How Docker Simplifies Distributed Systems Development at Volt Active Data

Key Takeaways

Working on distributed systems is fun, but not easy, particularly setting up environments, starting processes, and monitoring them on multiple machines.
Many things can go wrong when setting up the environment, such as stale settings, incorrect configurations, or file collisions.
Docker simplifies the development and testing of distributed systems by providing container isolation, making it easier to start a cluster of nodes on a single machine.
Using Docker allows for simulating node failures and rejoining new nodes into the cluster, enhancing the ability to test highly available systems.
Docker, combined with tools like nsenter, simplifies debugging by allowing developers to step into running containers, inspect processes, and collect logs from a shared directory.

Working on distributed systems is fun, but not easy!
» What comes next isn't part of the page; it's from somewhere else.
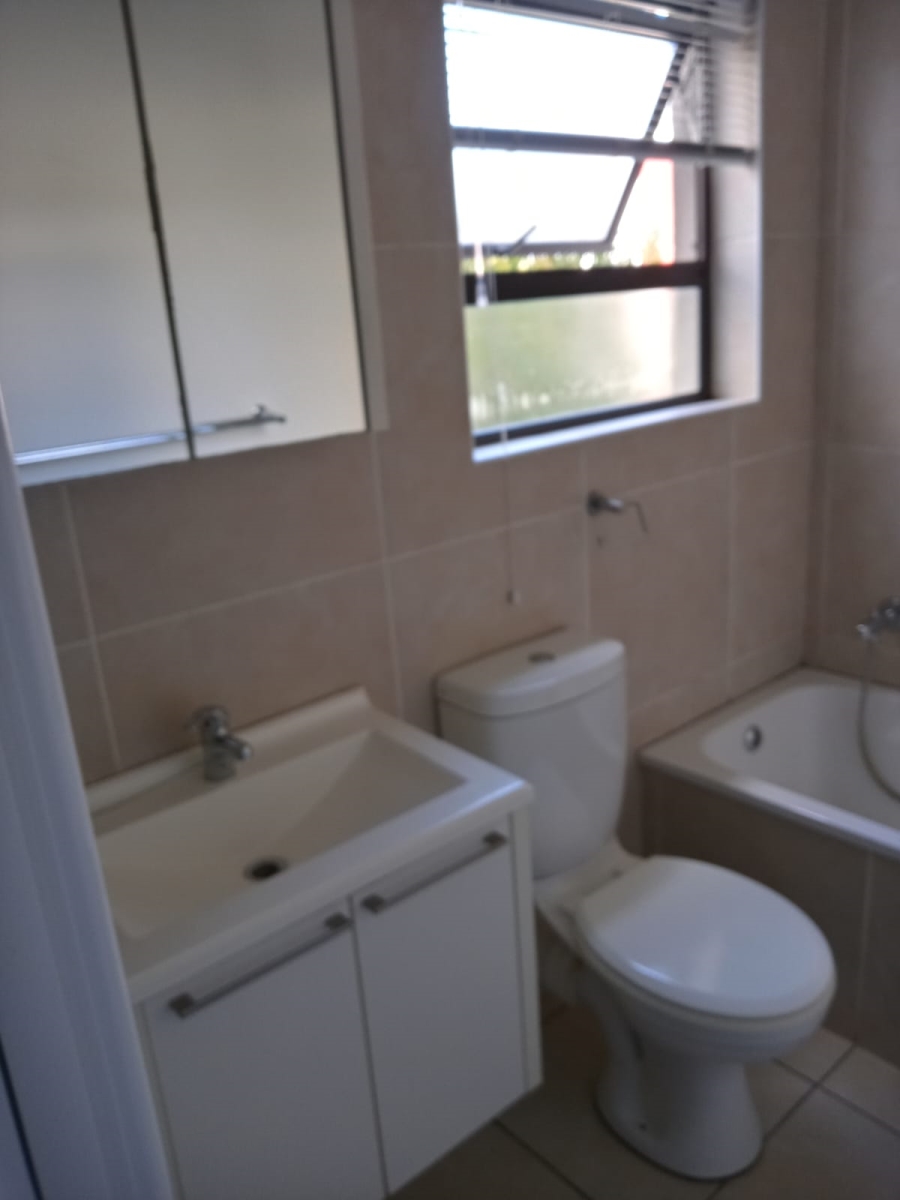 To Let 1 Bedroom Property for Rent in Fourways Gauteng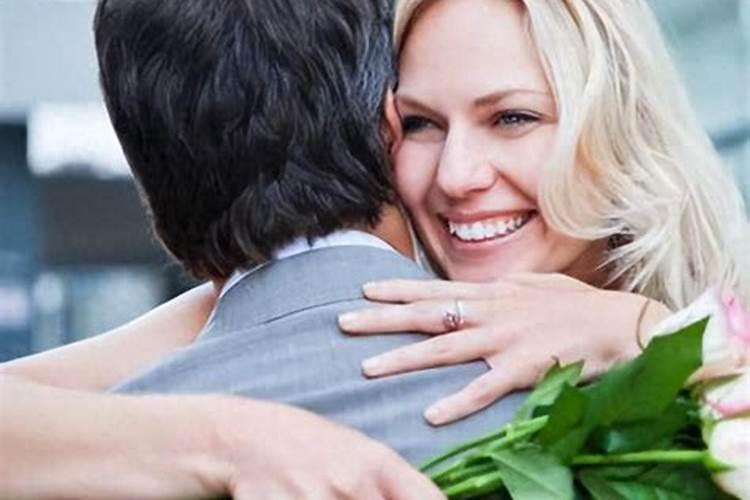 梦见离婚多年的前妻是什么意思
As a software engineer at Volt Active Data, a big chunk of my time is spent testing software on a cluster of machines as part of new feature development and also for customer issue reproduction. Any software engineer who does this on a daily basis knows this is not an easy process.

Volt Active Data is a clustered database. A big part of the challenge building Volt Active Data features comes from the fact that database processing is distributed, involving multiple processes on different machines connected by a network. In this blog post I’ll focus specifically on how developers can simplify the development and testing of a distributed system like Volt Active Data.
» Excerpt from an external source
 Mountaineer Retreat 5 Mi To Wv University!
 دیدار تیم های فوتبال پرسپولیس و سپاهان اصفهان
Setting up environments, starting processes, and monitoring these processes on multiple machines is still painful and error prone, even with tools like tmux. When setting up the environment there are a lot of things that could go wrong; for example, stale settings left from previous tests, incorrect configuration on some of the machines, executing the wrong command on some portion of the machines, using local file systems when you need them to be shared, or file collision on shared file systems when you need them to be separate, etc. The opportunities for mistakes goes on and on!

Certainly a lot of these common pitfalls can be minimized by scripting. However, this is more true for production/ops, and less so for development. When I work on features or bugs, I usually need to tweak settings or commands from run to run. Sometimes I put one-off configurations in the program to be able to tweak behavior on the fly. With this type of iterative development I cannot easily write a script and reuse it time after time.

Once debugging goes beyond simple log reading, I need to be able to print stack traces of certain processes or dump their heaps and collect all the artifacts. Again, it’s not a trivial task when dealing with multiple machines.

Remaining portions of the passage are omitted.